# THE PROBLEM
Leave every picture out, and print the full listing again exactly.

*** Opening RAW DATA ***

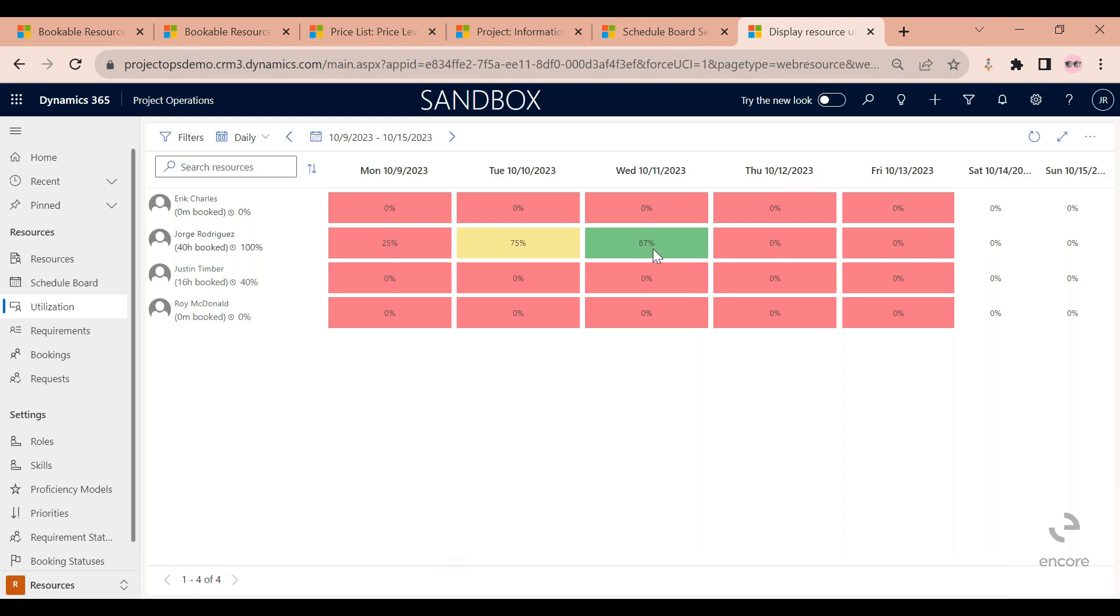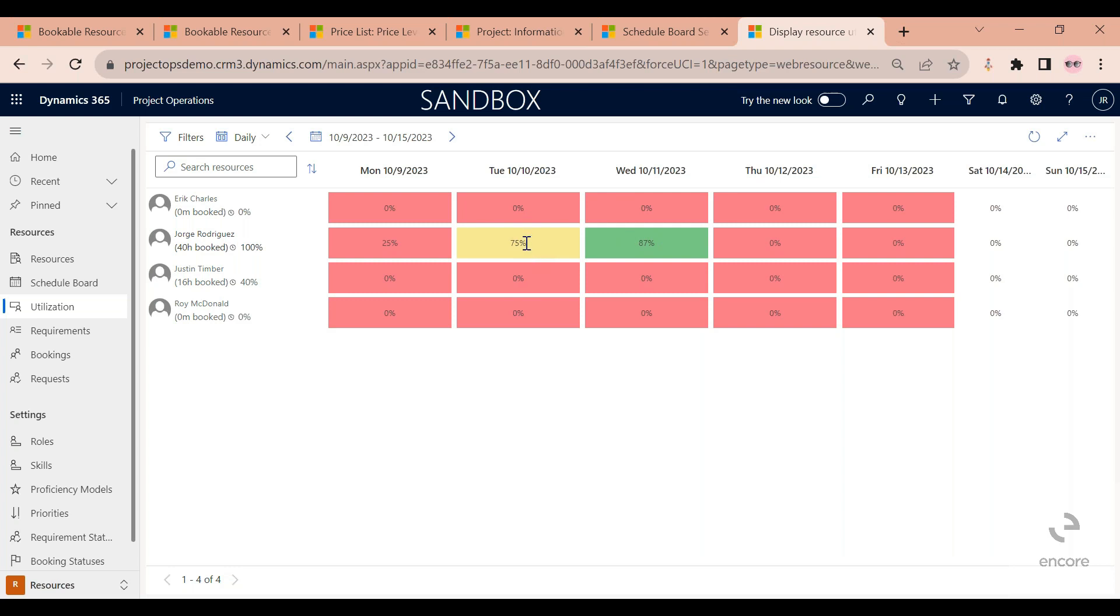So if I take a look on the Wednesday, you can see the different colors here. Green means that I have submitted non-billable work to be above my 80% target. For the Tuesday, you can see the yellow - the yellow means that I have submitted hours to be very close to that 80% target, but not quite.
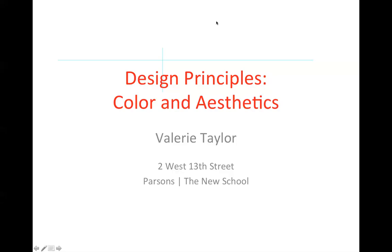Welcome to design principles: colors. Color and aesthetics might seem like we're veering a little bit off topic because we're not directly discussing software in these presentations.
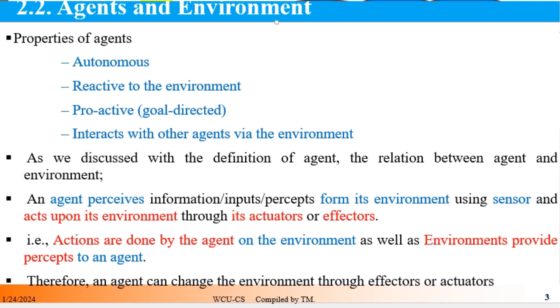The agent perceives information from the environment. Therefore, an agent can change the environment through an actuator.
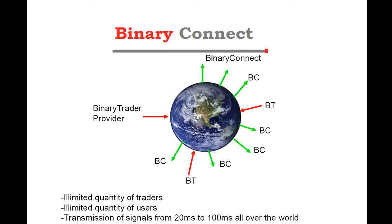Today, we are going to see a specific application of Binary Connect. This is how signal providers can use Binary Connect.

*** Closing RAW DATA ***

# EXERCISE RESULT
So if I take a look on the Wednesday, you can see the different colors here. Green means that I have submitted non-billable work to be above my 80% target. For the Tuesday, you can see the yellow - the yellow means that I have submitted hours to be very close to that 80% target, but not quite.
Welcome to design principles: colors. Color and aesthetics might seem like we're veering a little bit off topic because we're not directly discussing software in these presentations.
The agent perceives information from the environment. Therefore, an agent can change the environment through an actuator.
Today, we are going to see a specific application of Binary Connect. This is how signal providers can use Binary Connect.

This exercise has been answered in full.